With no intention to offend, I think you miss the point.
While there are criminals who rape, mutilate, torture and kill merely for the sake of doing it, there are also those who commit equally heinous crimes for a reason. And the reason in this case is to control the prison.
Once they have gained control of the prison, the criminal justice system is no longer protecting us. And
that is the point.
Two points here.
- If prisons are run by the inmates, then we need to take control of the prisons back.
How do you propose to do that? What means will you use to keep a Corrections Officer from working for the man who has the power to kidnap, torture and murder his six-year old daughter?
I doubt there are few prison officials who would claim that their prison couldn’t use better facilities and more guards. We can’t really argue that we can’t control the prisons if we are not willing to at least try.
The incident I described happened inside one of the most secure prisons in the country. And it was by no means an isolated incident.
When prisoners can reach out and touch Corrections Officers’ families, it doesn’t matter how many Corrections Officers you have, or how good the facilities are – the prisoners will run the prison.
- There is another level, its called essentially a life in solitary confinement. When the criminal has virtually no contact with other prisoners or guards, there is little chance that they are able to have any impact on other prisoners or the outside world.
Tommy Silverstein was in exactly such a facility – Marion, Illinois – when he put together a plot to murder Corrections Officers. Two Corrections Officers were killed on the same day.
To say that life in solitary confinement, with no contact with other prisoners is effective or even possible defies the facts.
With respect, I think the very nature of the fact that these people are in prisons indicate that they are incapable of believing that they will be held accountable for their actions (or don’t care). Such men I suspect would not find the prospect of a potential death penalty to be much of a deterence.
I know a lot of Corrections Officers – men who deal with criminals like this on a day-to-day basis who will hotly deny what you say.
I never said I was willing to bet lives. I used the term in reference to the fact that the sorts of criminals who end up on death row are more likely to be those who are not part of orginizations that would give them the power to impact those on the outside.
You assume that only criminals on death row are killers. In fact, some of the most brutal murderers are serving lesser sentences.

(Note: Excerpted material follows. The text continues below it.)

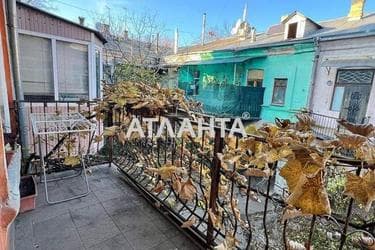 2-rooms apartment apartment by the address st. Uspenskaya Chicherina (area 77 m²) - Atlanta.ua - photo 39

Personally, I would have no problem with sentencing murders to solitary confinement and deny them the right to contact with the outside world other than very limited monitored visits and access to priests and other religious ministers. Such means would probably make them less potentially harmless than current prisoners on death row.
So explain how the Tommy Silversteins and other murderers manage to kill Corrections Officers while in solitary confinement?
Reality in prison is not what you think it is, and not what many bishops imagine it is.
See above. In any case, the number of Corrections officers killed every year averages a little over 7 a year (for the period 1995-2005).
So you are willing to sacrifice that number of lives?
Remember, there are two issues here. The actuall killing of Corrections Officers is only one. The second issue is the intimidation and control of Corrections Officers by inmates. The killing of seven Corrections Officers a year has a horrible impact on the ability of the prisons to do what you say they are supposed to do – keep dangerous prisoners from doing more harm.